There’s likely to be another challenge thrown in for good measure this summer and that’s an increased risk of monsoonal weather patterns dumping huge amounts of rain across the interior. There’s always a risk of this from November to April, but in the summer of 2014-2015 I reckon the north is in for a drenching after last year’s absent weather patterns.
Lots of Outback tracks cop a lot of traffic during winter so care needs to be exercised and especially at floodways. If a watercourse has run a banker and scoured out the base of the crossing the surface will be battered, so a reduction in speed is warranted.
As we’d said before it goes without saying that the best grip on dirt is found using HIGH range and accompanying that is a need for tyre pressure reduction accompanied by a reduction in speed. The benefits with this combination are three-fold, firstly greater control, secondly greater grip and braking performance and lastly reduced puncture susceptibility.
We won’t go over too much old ground here because the rules for driving over muddy ground in summer are the same as driving in winter. But what I would like to canvass is heat and its affect on person and vehicle.
Your 4WD’s cooling system is its lifeblood and if it’s not in good condition it’ll fail in near 50C degree heat on a typical summer’s day. The under bonnet temperatures of a modern 4WD are incredible, those diesels (read all of them) that run a turbocharger, a device that hangs off the exhaust side of the engine, forces air into the induction side to boost performance. It all works well, but is affected by temperature.
The hotter the air going into the motor, the poorer the performance, so an intercooler is fitted to counter that negative effect and restore driveability. But the heat exchanged has to go somewhere and an inefficient radiator and coolant/catchment system will create trouble.
There’s a reasonable expectation that on a near new 4WD the cooling system will be in pretty good nick, but I’ve seen problems occur that could have been avoided.
One of the first issues is servicing and frequency. A lot of vehicle dealerships have no concept of the work remote area employees undertake and where their vehicles go. Their concept of servicing is following the service recommendations offered by the vehicle maker, written for a modest usage with a heavy emphasis around town.
If the vehicle is being used as a genuine 4WD then that clearly won’t be good enough.
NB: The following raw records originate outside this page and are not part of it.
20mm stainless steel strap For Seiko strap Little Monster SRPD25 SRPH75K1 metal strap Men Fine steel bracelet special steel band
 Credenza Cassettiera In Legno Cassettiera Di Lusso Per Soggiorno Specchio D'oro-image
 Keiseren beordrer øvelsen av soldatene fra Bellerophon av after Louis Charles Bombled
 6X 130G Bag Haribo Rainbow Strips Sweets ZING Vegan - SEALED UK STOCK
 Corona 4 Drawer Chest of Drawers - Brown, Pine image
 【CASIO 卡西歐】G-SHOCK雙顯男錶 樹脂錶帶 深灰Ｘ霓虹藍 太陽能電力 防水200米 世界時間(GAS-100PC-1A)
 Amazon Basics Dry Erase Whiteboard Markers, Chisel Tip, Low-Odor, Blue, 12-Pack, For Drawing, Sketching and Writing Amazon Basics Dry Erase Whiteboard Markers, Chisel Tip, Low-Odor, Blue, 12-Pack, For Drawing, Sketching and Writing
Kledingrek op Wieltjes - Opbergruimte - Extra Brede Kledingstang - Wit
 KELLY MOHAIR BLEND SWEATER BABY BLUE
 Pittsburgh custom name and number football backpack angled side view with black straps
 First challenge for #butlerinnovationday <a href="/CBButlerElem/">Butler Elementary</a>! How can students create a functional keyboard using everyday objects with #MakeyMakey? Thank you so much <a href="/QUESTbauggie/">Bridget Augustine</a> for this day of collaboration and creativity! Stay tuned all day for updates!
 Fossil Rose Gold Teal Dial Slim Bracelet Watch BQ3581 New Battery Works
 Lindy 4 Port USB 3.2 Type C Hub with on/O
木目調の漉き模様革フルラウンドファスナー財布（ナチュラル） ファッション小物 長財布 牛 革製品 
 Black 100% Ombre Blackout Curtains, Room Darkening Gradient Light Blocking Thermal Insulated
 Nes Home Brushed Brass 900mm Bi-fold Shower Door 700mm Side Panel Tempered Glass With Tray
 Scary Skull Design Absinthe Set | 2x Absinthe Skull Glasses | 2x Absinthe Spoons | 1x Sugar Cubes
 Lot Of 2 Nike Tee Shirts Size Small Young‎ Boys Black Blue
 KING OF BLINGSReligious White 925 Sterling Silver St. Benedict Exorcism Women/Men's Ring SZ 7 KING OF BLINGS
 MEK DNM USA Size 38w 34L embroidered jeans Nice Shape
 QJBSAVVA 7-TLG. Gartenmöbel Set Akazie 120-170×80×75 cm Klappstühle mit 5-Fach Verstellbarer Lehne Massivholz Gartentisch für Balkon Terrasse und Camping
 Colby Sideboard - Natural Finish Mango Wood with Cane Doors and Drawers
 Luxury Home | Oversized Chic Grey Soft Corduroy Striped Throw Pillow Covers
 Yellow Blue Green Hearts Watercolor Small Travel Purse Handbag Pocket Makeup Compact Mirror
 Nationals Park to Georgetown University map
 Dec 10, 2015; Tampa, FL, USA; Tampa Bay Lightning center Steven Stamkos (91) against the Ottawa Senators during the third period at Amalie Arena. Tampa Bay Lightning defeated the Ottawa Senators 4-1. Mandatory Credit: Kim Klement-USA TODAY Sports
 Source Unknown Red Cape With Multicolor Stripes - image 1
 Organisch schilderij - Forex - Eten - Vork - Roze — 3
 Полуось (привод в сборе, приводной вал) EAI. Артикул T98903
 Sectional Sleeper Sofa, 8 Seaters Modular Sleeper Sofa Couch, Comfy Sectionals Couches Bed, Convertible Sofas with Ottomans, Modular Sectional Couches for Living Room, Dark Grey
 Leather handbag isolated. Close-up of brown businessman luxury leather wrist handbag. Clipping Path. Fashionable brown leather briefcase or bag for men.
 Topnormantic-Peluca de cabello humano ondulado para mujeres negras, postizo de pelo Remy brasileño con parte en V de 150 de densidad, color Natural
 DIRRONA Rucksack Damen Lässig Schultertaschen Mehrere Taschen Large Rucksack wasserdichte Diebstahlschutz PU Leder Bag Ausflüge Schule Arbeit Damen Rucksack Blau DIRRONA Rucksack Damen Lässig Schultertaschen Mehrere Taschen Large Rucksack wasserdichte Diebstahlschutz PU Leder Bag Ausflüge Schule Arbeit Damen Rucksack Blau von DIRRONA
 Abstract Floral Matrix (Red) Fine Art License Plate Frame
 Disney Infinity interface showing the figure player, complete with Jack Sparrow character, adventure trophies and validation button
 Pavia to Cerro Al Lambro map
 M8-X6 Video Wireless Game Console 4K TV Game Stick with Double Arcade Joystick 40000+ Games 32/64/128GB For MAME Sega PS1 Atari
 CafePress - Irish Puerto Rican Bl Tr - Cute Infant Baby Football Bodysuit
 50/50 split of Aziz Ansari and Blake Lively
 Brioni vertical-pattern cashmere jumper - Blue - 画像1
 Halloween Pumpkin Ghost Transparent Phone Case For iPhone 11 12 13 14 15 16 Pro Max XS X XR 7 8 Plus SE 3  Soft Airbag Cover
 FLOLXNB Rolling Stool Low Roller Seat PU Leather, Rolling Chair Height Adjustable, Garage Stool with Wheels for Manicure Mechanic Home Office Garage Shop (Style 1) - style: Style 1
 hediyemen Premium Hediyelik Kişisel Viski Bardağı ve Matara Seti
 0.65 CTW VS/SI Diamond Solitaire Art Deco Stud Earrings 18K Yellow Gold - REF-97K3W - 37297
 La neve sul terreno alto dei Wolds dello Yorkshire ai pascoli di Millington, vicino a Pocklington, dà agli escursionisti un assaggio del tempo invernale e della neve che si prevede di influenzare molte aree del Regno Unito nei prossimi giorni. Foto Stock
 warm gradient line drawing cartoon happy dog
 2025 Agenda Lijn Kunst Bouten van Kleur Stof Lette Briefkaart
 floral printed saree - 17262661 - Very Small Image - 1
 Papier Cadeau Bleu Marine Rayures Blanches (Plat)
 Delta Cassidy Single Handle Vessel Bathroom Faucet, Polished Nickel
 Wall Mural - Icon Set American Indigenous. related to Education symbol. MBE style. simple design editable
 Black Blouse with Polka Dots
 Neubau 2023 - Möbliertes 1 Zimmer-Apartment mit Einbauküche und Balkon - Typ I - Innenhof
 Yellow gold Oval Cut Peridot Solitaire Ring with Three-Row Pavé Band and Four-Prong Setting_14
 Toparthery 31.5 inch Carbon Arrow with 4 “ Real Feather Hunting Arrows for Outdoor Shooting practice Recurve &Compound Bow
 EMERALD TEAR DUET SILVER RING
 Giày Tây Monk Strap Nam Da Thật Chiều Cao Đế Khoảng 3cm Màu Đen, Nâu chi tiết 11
At the start of summer there’ll need to be some money spent on consumables, a fresh air filter (with a spare up your sleeve) is a great start, a new dose of coolant with the appropriate glycol mix and possibly a new set of hoses (top and bottom radiator, heater hoses) might be required dependent on kilometres travelled. Whilst you’re looking at the hoses check the clamps. The typical prise-on, prise-off clamps are OK if they’re OK, but I’ve seen them break. I prefer the worm drive stainless variety, much more positive.
A kit like this could make your cooling system reliable again
What’s the benefit of the new air filter I hear you say? Simply, if the car can’t get fresh air without impediment it’ll try and scavenge air from wherever it can find it. Another problem is that the engine may then over-fuel (most modern ECUs will compensate) which can add more heat to the combustion process. Engine performance will suffer, more fuel will be used, perhaps even engine failure in a worst case?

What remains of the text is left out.